Table 3. Factor loadings and factor correlations in the final models (G2, A2, C2, and K2) at the task level for the four data sets.

	Germany—Model G2	Australia—Model A2	China—Model C2	Korea—Model K2
Loadings on factor task demands
Quantitative demands	0.66	0.68	0.39	0.57
Emotional demands	0.56	0.68	0.64	0.51
Skill discretion	0.49	0.31	0.17	0.43
Loadings on factor task control
Decision authority	0.68	0.67	0.57	0.47
Skill discretion	0.78	0.80	0.74	0.75
Conducive development	0.87	n.a.	n.a.	n.a.
Loadings on factor task stability-support
Coworker support	0.75	0.58	0.70	0.54
Supervisor support	0.64	0.78	0.52	0.48
Collective control	0.78	n.a.	0.62	0.62
Negative acts	−0.60	n.a.	n.a.	n.a.
Factor correlations
Task demands—task control	−0.29	−0.15	0.04 +	−0.53
Task demands—task stability-support	−0.44	−0.31	−0.09 +	−0.05 +
Task control—task stability-support	0.61	0.69	0.56	0.47

n.a. not available. All factor loadings and factor correlations are statistically significant except for those marked with ⁺.

. There was a strong positive association between control and stability-support. Both C and S-S were negatively related to the factor for demands. A graphical presentation of the model is depicted in Figure 1. In the following, model G2 was considered the final model.

Similar models—i.e., with each scale loading on only one factor as was the case for model G1—were established in the other three datasets as models K1, C1, and A1; fit indices are presented in Table 2. In Korea, China, and Australia, for both C and S-S there was one indicator less than in the German data as the scales for “conducive development” and “negative acts” were not used in these three samples (see Table 1). In addition, the scale “collective control” was not used in Australia (see Table 1).

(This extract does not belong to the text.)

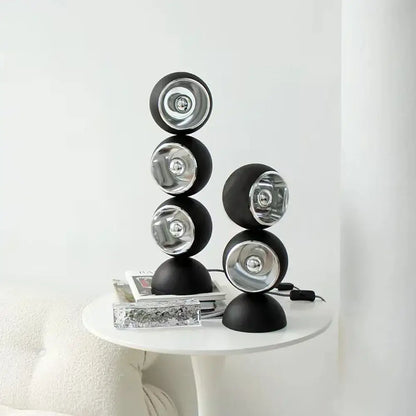 Black spherical engraved chrome yoyo dimmable led nordic table lamp with reflective silver interiors stacked in modern decorbites design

In both Korea and China, it was not possible to establish a model with three correlated factors with each indicator loading on one factor only, i.e., models “K1” and “C1”, respectively. For model “K1”, the chi-square value could not be estimated, possibly indicating that the structure was too strict [Bengt O. Muthen, Mplus discussion forum, available at http://www.statmodel.com/discussion/messages/9/61.html?1465397517 (accessed on 6 June 2016)]. For model “C1”, no fit indices were estimated because for one imputed dataset, the residual covariance matrix was not “positive definite”, leading to a standardized factor loading λ > 1—a so-called Heywood case. Additionally, another imputed dataset did not converge. The model with each indicator loading on one factor could only be established in Australia as model “A1”; however, the RMSEA index implied low fit (see Table 2).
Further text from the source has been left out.